"""

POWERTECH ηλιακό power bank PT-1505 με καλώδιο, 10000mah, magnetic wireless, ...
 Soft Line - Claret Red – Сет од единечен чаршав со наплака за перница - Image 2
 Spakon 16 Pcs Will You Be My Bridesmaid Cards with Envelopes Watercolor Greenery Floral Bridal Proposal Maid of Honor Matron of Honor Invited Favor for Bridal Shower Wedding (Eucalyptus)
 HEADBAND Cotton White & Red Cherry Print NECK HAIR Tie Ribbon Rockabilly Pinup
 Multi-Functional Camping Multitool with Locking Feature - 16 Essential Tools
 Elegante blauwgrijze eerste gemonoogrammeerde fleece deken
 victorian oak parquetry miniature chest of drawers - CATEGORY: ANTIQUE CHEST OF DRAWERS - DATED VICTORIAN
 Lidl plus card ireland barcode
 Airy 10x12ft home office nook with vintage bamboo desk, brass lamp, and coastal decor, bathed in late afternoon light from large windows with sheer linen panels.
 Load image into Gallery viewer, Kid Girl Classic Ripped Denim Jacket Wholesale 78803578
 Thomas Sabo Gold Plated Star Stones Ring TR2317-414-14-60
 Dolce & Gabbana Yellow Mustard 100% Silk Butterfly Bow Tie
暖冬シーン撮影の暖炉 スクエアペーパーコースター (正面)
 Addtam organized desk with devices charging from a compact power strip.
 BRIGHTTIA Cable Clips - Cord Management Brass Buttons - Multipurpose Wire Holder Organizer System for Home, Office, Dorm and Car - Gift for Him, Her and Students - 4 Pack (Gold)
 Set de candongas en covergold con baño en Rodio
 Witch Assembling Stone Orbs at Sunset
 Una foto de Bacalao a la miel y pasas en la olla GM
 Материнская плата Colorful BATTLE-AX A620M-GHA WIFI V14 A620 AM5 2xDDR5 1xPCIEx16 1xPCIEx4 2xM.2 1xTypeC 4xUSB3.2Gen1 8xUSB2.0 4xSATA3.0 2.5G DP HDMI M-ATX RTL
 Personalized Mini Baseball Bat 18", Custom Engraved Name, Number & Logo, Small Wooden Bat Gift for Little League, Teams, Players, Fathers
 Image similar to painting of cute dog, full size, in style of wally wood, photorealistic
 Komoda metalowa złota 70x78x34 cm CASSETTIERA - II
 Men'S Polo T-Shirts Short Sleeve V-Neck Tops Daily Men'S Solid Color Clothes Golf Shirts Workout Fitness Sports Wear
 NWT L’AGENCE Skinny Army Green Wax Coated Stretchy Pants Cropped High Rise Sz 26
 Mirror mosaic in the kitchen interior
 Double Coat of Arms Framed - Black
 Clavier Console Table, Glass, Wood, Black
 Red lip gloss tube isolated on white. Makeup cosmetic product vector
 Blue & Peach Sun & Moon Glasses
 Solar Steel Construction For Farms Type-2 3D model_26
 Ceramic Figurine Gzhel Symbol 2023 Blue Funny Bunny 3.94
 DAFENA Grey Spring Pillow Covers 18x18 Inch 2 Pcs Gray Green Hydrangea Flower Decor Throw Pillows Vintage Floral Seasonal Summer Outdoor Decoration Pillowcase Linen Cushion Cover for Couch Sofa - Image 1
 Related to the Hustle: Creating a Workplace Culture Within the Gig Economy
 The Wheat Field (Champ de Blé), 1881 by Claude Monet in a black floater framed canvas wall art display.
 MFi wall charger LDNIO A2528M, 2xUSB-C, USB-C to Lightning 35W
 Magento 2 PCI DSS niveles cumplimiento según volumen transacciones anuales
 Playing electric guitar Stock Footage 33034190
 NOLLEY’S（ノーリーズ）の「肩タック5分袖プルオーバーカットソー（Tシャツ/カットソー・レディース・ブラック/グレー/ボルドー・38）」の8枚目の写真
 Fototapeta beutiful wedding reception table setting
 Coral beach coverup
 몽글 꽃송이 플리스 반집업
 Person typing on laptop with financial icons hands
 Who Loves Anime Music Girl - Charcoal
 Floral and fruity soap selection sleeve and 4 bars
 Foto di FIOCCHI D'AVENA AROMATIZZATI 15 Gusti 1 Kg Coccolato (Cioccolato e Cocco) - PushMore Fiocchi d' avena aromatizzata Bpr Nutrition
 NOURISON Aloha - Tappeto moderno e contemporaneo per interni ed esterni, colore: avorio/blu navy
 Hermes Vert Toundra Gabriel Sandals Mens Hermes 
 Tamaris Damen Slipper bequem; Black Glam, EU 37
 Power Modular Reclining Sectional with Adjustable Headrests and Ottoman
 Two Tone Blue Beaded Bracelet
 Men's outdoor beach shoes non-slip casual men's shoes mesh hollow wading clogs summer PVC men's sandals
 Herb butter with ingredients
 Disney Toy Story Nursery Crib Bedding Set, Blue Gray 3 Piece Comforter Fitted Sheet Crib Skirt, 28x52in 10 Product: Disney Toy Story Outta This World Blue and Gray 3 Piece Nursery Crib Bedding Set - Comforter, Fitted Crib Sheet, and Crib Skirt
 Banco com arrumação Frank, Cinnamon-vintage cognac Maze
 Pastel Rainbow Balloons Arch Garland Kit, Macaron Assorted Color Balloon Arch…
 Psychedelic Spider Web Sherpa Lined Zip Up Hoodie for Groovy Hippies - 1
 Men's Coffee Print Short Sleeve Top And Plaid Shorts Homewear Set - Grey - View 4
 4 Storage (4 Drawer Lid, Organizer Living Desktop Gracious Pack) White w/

"""

_WHAT YOU WILL DO_: What is the number of lines in the data that hold the word "Girl"? Reply with that number and nothing else.

_WORKED SOLUTION_: 2